Bewerbung & Interview

Wie formuliere ich mein Anschreiben? – Klappe, die Vierte!

Hilfe, mein Lebenslauf! Und meine Zeugnisse…!!! Brüche, Fehlentscheidungen, häufige Wechsel, längere Auszeiten… Einige haben nun einmal nicht den klassischen geraden Berufs-und Lebensweg eingeschlagen, sondern sind quasi Zickzack gelaufen. Das sieht auf den ersten Blick bei der Bewerbung nicht besonders schön aus, umso wichtiger ist dann ein gut überlegtes Anschreiben, denn der Zickzack-Kurs muss automatisch ein schlechter Kurs gewesen sein!

Das Anschreiben dient dabei nicht als Rechtfertigungspamphlet, in dem steht, dass es das Leben nicht gut mit einem gemeint hat und man das Opfer vieler Unwägbarkeiten war. Vielmehr sollte man sachlich und ehrlich begründen, warum man zum Beispiel dreimal in kurzer Zeit das Unternehmen gewechselt hat. Sind menschliche Differenzen der Grund dafür, sollte man sich hier, wie übrigens auch im Bewerbungsgespräch, davor hüten, über Mitarbeiter und Vorgesetzte zu lamentieren.
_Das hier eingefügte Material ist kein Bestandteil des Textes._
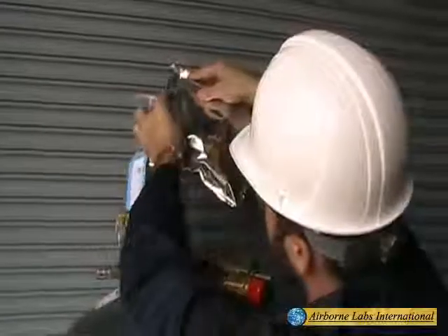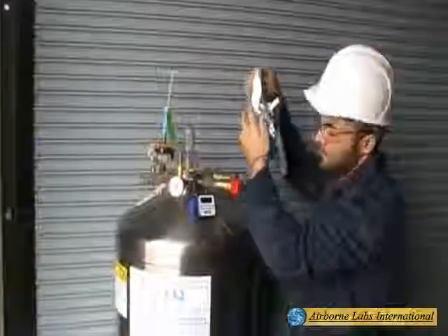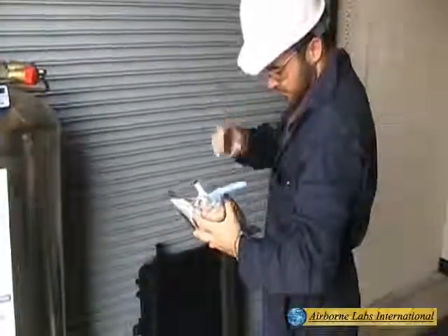Next, holding the lower valve body securely with one hand, use the other hand to close the bag valve knob clockwise until it is snug. Check for leaks by gently squeezing the filled bag. Leaks will be noted by bag deflation.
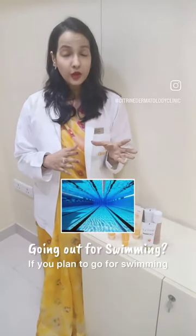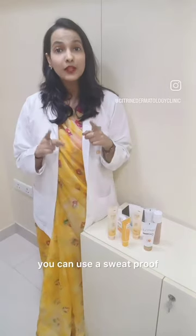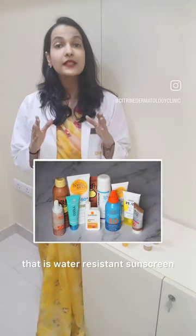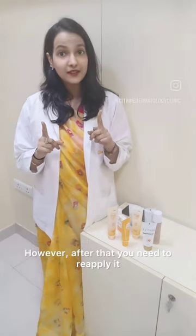If you plan to go swimming or you're someone who sweats excessively, you can use a sweat-proof, water-resistant sunscreen. It stays on your skin and provides protection from water for at least 40 to 80 minutes. However, after that you need to reapply it.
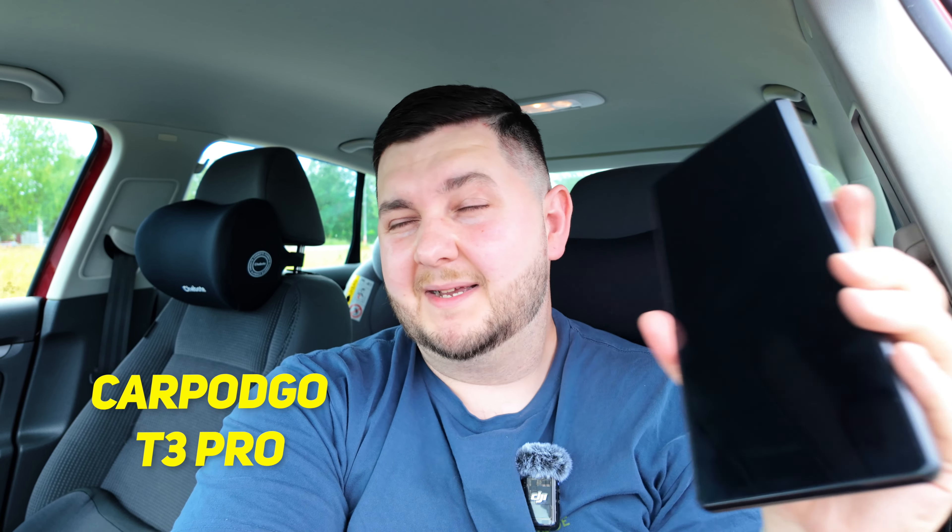You've got a car — it's not the most modern, but it takes you from A to B and does everything you need. However, you'd like to have the CarPlay and Android Auto system that a lot of modern cars have, but you don't want to spend all that money on a new car. What can you do? Well, you can grab yourself one of these. Let's check it out.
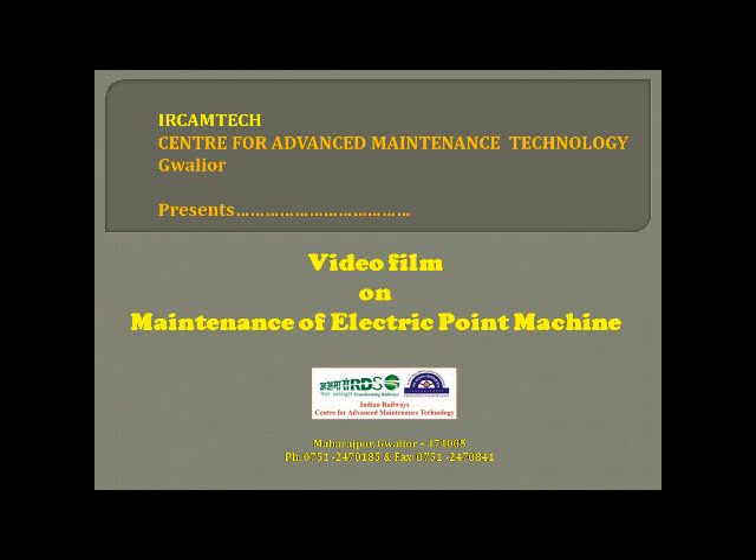Welcome to the video film on maintenance of electric point machine developed by Camtech.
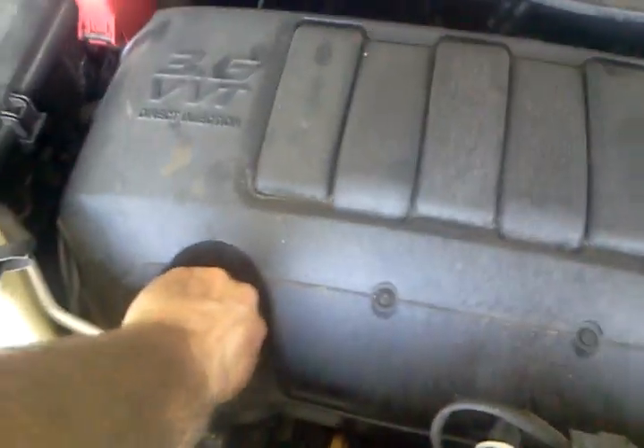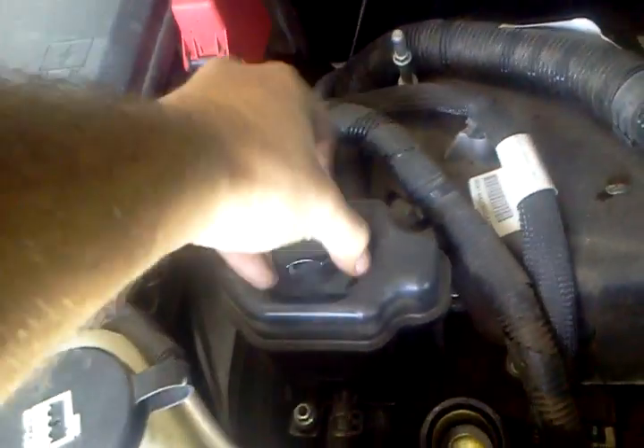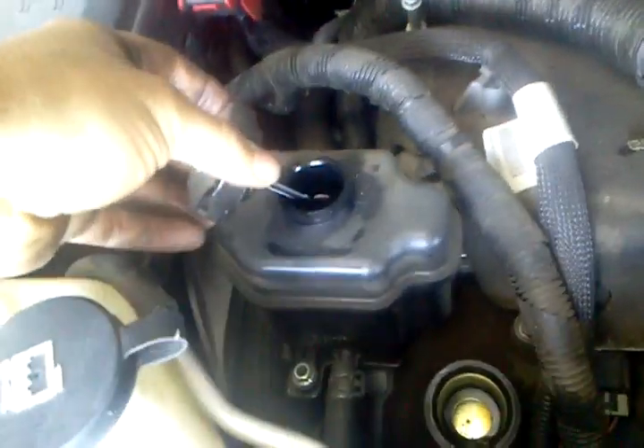We're working on a 2010 GMC Acadia. We're going to show you where the power steering pump reservoir is and how to access it. You're going to pull the cap off first, then pull up from this corner here, and right under this is going to be your power steering reservoir.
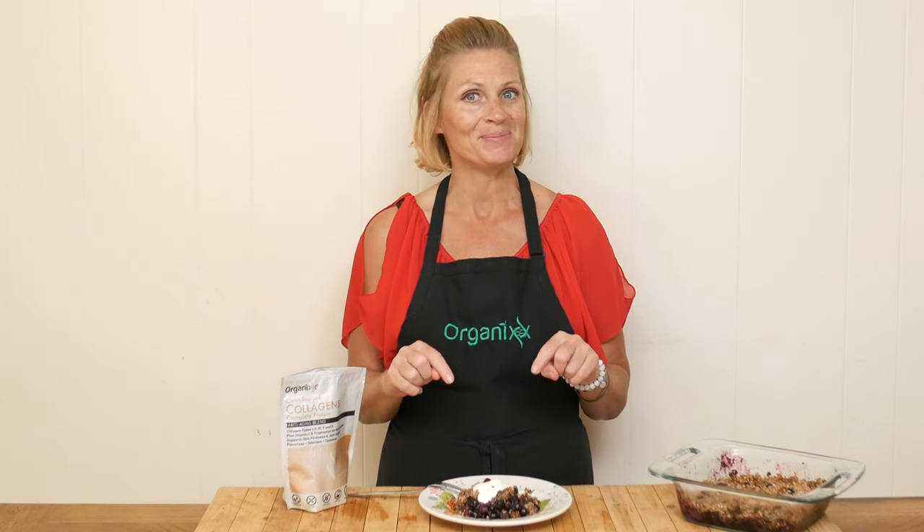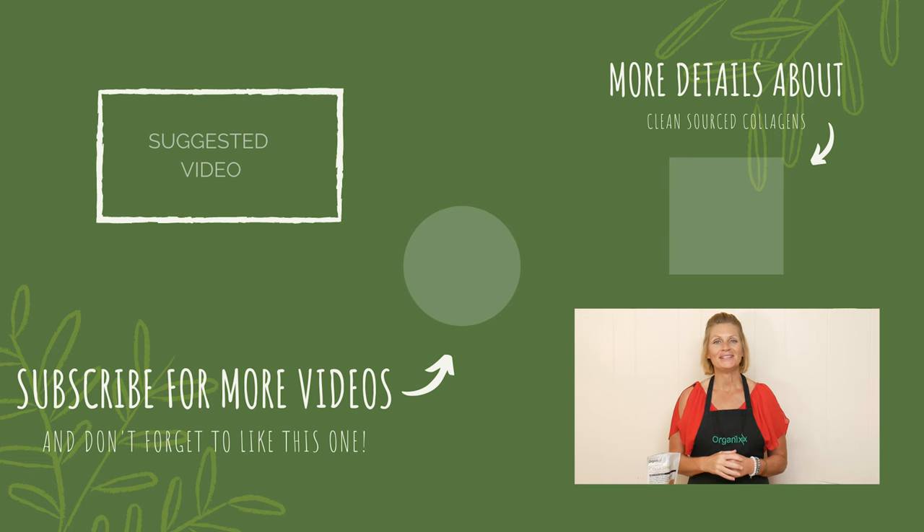Thanks so much for joining me today. Take great care of yourself this week. Make healthy choices and I look forward to seeing you next week in the kitchen. Take care, bye-bye!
Es reicht eine Begründung wie: Man hat im Team nicht den richtigen Anschluss gefunden, konnte sich nicht mit der Firmenphilosophie identifizieren, der Aufgabenbereich hat vielleicht doch weniger gepasst, als ursprünglich angenommen und so weiter… Auf jeden Fall sollten Schuldzuweisungen unterbleiben!

Wer längere Auszeiten hinter sich hat, um zum Beispiel einen Angehörigen zu pflegen oder weil man ein Kind bekommen hat, der kann im Anschreiben diesen scheinbaren „Makel“ (der beim besten Willen keiner ist!) als besonders positiv hervor heben: Wer Kinder hat, der ist besonders gut im Zeitmanagement, wer Kranke pflegt, ist geduldig, hilfsbereit und verantwortungsbewusst. Im Falle einer Krankheit hilft nur Ehrlichkeit, die komplette Genesung ist nun einmal notwendig und braucht Zeit. Die neu erlangte Gesundheit und den enormen Elan für einen Job sollte man dann im Anschreiben herausstellen.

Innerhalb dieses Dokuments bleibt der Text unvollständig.